In this research, we used public databases to explore the differences in SIRT1 expression in the brains of schizophrenic patients and healthy controls. Later, we attempted to identify the association of SIRT1 mRNA and the rs3758391 polymorphism with susceptibility to schizophrenia and associated depressive symptoms. Finally, in order to detect the effect of rs3758391 polymorphism on brain SIRT1 mRNA expression, we used an available database for eQTL analysis.

Materials and Methods

Subjects

Seven hundred and fifteen schizophrenia patients were recruited from mental health institute in Eastern China (Shanghai Mental Health Center, Affiliated Kangning Hospital, Wenzhou Medical University, and Jinhua Second Hospital), the inclusion criteria are in accordance with our previous publications and are as follows (Zhang et al., 2011; Cai et al., 2015; Wang et al., 2016; Zhang et al., 2018): (1) illness course less than 5 years; (2) with a stable condition over 6 months; (3) junior high school education or above; (4) not treated with a mood stabilizer or antidepressant; and (5) total scores for PANSS under 60 Patients who with other psychiatric disorders, had a severe physical disease, with substance dependence or abuse, are pregnant or nursing women were all excluded. Moreover, mRNA samples were obtained from 198 patients who treated with olanzapine monotherapy. The 723 healthy subjects were included as controls, and the detailed recruitment requirements were based on our previous studies (Zhang et al., 2017).

The Institutional Review Boards of Jinhua Second Hospital and other related institutions reviewed and approved this research. We obtained the written informed consent of all participants and strictly followed the experimental guidelines in the Declaration of Helsinki.

Evaluation

The psychiatric symptoms and the severity of depression were evaluated by the PANSS and the Calgary Depression Scale (CDSS). Patients were defined as having significant depression if they had a CDSS score of 7 or higher (Peitl et al., 2017).

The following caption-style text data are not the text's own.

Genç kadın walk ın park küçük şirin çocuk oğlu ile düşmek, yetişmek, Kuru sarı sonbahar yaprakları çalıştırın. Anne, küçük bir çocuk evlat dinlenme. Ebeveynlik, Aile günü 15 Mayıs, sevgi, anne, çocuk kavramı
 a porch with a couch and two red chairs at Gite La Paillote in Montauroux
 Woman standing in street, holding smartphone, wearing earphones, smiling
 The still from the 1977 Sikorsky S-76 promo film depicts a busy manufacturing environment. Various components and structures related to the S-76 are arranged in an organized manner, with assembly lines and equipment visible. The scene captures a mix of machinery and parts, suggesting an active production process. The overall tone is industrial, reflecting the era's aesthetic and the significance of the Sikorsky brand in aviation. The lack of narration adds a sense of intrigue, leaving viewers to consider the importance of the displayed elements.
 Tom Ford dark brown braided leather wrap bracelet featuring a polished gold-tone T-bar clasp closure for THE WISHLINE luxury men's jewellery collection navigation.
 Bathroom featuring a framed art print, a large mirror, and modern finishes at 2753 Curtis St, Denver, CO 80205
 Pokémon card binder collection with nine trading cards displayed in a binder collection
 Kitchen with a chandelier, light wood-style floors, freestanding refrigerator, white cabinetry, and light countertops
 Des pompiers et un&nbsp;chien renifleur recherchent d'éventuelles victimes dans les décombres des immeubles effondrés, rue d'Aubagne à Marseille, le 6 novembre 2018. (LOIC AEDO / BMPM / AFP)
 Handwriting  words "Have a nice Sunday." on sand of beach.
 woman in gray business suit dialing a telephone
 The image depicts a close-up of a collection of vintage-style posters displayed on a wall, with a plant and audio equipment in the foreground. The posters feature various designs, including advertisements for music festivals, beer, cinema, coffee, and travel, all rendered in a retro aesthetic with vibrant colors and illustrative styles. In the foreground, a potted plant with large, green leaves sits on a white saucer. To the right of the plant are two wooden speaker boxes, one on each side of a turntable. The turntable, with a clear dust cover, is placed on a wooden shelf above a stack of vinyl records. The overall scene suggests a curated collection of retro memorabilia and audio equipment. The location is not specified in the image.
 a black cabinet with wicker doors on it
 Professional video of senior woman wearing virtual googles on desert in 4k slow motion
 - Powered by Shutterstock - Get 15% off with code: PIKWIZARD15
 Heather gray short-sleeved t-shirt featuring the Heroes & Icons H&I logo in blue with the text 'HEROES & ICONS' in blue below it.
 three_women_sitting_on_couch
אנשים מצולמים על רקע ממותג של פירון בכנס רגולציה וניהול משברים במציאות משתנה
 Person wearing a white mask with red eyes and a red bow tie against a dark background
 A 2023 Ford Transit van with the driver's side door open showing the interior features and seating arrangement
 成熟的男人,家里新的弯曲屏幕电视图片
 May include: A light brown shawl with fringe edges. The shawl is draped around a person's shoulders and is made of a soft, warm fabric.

Analysis of Brain SIRT1 Expression

The genetics and expression data platform for schizophrenia research named SZDB database1 were used to compare the SIRT1 expression between case and controls (Wu et al., 2017).

RNA Preparation and Quantitative Real-Time Polymerase Chain Reaction

The RNA preparation and quantitative real-time polymerase chain reaction (qRT-PCR) were performed as our previous work (Luo and Zhang, 2016).

Genotyping

The SNP rs3758391 was genotyped as our previous work has described (Zhang et al., 2014).

PGC Data Analysis

The Psychiatric Genomics Consortium (PGC2) database was used to find out the association of rs3758391 polymorphism in schizophrenia. The more detailed description of this database sees our previous article (Zhang et al., 2016a).

Brain eQTL Analysis

The brain eQTL database3 (Ramasamy et al., 2014) were utilized for eQTL analysis of the rs3758391 polymorphism in the brain.

Statistical Analysis

We used the SHEsis software to compare the genotype and allele distribution in the case-control study. The Hardy-Weinberg equilibrium (HWE) was calculated by Haploview 4.2.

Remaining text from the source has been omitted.